*Your task*
From the listing below, copy only the lines running from the line that contains "Free shipping designer" to the line that contains "Hotel Riviera Elysees Paris", both included.

------------------------------

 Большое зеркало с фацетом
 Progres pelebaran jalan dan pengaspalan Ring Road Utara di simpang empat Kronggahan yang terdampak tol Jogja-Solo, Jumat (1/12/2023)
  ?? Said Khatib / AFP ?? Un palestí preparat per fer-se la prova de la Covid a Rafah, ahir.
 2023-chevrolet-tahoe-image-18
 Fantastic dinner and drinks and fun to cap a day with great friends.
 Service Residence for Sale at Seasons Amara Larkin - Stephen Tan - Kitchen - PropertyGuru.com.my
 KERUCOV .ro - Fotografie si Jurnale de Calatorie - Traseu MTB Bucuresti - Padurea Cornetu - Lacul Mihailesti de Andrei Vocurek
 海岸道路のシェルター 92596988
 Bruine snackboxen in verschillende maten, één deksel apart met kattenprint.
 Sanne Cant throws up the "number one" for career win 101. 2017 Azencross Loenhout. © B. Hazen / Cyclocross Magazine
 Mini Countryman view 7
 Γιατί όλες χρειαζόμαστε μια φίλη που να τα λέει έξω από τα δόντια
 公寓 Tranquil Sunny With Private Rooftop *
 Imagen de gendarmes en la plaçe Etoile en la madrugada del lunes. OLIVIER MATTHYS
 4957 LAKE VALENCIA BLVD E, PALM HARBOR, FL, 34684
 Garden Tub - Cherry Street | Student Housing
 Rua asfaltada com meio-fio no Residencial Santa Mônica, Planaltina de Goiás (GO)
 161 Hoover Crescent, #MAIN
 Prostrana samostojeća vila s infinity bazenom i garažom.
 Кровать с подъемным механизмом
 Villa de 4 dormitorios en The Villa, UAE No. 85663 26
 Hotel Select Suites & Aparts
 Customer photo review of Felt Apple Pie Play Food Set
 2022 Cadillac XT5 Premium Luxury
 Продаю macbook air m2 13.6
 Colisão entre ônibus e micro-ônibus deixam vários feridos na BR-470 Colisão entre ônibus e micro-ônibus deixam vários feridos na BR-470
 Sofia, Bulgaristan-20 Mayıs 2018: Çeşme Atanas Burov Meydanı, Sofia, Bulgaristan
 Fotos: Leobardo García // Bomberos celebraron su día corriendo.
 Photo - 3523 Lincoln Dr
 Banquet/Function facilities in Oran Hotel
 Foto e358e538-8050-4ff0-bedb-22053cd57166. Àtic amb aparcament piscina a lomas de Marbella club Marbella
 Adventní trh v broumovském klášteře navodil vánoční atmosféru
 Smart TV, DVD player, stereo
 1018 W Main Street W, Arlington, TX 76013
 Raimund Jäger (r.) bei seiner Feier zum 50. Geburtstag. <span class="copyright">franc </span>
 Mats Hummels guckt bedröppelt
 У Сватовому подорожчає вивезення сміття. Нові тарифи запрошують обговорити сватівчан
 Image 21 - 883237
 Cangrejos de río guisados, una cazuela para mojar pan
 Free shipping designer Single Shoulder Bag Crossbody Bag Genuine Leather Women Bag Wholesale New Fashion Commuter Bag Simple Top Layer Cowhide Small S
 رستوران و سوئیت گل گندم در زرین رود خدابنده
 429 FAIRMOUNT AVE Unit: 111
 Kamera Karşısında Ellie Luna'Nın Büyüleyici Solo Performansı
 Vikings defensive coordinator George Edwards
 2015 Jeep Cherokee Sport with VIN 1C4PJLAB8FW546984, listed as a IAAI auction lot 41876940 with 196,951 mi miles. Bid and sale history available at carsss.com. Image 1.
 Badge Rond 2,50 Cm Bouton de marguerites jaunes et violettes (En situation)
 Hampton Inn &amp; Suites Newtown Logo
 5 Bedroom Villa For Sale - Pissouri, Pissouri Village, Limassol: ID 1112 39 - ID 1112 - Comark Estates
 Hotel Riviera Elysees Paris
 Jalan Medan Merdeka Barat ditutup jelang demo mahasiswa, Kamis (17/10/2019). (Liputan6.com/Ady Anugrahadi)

------------------------------

*Response to this task*
 Free shipping designer Single Shoulder Bag Crossbody Bag Genuine Leather Women Bag Wholesale New Fashion Commuter Bag Simple Top Layer Cowhide Small S
 رستوران و سوئیت گل گندم در زرین رود خدابنده
 429 FAIRMOUNT AVE Unit: 111
 Kamera Karşısında Ellie Luna'Nın Büyüleyici Solo Performansı
 Vikings defensive coordinator George Edwards
 2015 Jeep Cherokee Sport with VIN 1C4PJLAB8FW546984, listed as a IAAI auction lot 41876940 with 196,951 mi miles. Bid and sale history available at carsss.com. Image 1.
 Badge Rond 2,50 Cm Bouton de marguerites jaunes et violettes (En situation)
 Hampton Inn &amp; Suites Newtown Logo
 5 Bedroom Villa For Sale - Pissouri, Pissouri Village, Limassol: ID 1112 39 - ID 1112 - Comark Estates
 Hotel Riviera Elysees Paris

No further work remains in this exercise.